* Task to carry out *
The full set of entries must be copied exactly.

(Data under study Opens)

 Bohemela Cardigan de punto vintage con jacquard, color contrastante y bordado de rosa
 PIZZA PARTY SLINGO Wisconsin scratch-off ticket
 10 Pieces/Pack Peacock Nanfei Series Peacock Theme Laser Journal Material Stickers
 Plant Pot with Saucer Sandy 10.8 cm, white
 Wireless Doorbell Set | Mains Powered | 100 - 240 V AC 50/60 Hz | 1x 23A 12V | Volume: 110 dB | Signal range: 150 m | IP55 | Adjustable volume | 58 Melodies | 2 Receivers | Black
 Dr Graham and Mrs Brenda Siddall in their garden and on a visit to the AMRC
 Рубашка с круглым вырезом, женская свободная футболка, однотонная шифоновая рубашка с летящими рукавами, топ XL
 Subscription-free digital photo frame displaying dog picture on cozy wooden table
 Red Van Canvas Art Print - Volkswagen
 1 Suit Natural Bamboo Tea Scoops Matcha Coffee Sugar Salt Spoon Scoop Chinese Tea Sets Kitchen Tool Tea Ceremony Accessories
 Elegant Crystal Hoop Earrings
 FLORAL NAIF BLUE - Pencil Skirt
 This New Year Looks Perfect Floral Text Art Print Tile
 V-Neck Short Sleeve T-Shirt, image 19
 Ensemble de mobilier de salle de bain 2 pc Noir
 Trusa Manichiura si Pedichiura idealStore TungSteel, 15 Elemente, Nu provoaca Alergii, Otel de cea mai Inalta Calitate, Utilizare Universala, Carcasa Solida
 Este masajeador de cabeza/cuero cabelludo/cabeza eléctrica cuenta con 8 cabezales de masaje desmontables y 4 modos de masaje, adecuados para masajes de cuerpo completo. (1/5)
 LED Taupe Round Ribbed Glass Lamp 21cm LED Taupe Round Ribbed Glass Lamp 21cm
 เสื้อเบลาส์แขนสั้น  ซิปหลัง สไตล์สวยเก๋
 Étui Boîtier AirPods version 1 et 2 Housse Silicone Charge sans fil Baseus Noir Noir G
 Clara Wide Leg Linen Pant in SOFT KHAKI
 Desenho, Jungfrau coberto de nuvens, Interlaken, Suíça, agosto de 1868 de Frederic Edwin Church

(Data under study Closes)

* Answer to this task *
 Bohemela Cardigan de punto vintage con jacquard, color contrastante y bordado de rosa
 PIZZA PARTY SLINGO Wisconsin scratch-off ticket
 10 Pieces/Pack Peacock Nanfei Series Peacock Theme Laser Journal Material Stickers
 Plant Pot with Saucer Sandy 10.8 cm, white
 Wireless Doorbell Set | Mains Powered | 100 - 240 V AC 50/60 Hz | 1x 23A 12V | Volume: 110 dB | Signal range: 150 m | IP55 | Adjustable volume | 58 Melodies | 2 Receivers | Black
 Dr Graham and Mrs Brenda Siddall in their garden and on a visit to the AMRC
 Рубашка с круглым вырезом, женская свободная футболка, однотонная шифоновая рубашка с летящими рукавами, топ XL
 Subscription-free digital photo frame displaying dog picture on cozy wooden table
 Red Van Canvas Art Print - Volkswagen
 1 Suit Natural Bamboo Tea Scoops Matcha Coffee Sugar Salt Spoon Scoop Chinese Tea Sets Kitchen Tool Tea Ceremony Accessories
 Elegant Crystal Hoop Earrings
 FLORAL NAIF BLUE - Pencil Skirt
 This New Year Looks Perfect Floral Text Art Print Tile
 V-Neck Short Sleeve T-Shirt, image 19
 Ensemble de mobilier de salle de bain 2 pc Noir
 Trusa Manichiura si Pedichiura idealStore TungSteel, 15 Elemente, Nu provoaca Alergii, Otel de cea mai Inalta Calitate, Utilizare Universala, Carcasa Solida
 Este masajeador de cabeza/cuero cabelludo/cabeza eléctrica cuenta con 8 cabezales de masaje desmontables y 4 modos de masaje, adecuados para masajes de cuerpo completo. (1/5)
 LED Taupe Round Ribbed Glass Lamp 21cm LED Taupe Round Ribbed Glass Lamp 21cm
 เสื้อเบลาส์แขนสั้น  ซิปหลัง สไตล์สวยเก๋
 Étui Boîtier AirPods version 1 et 2 Housse Silicone Charge sans fil Baseus Noir Noir G
 Clara Wide Leg Linen Pant in SOFT KHAKI
 Desenho, Jungfrau coberto de nuvens, Interlaken, Suíça, agosto de 1868 de Frederic Edwin Church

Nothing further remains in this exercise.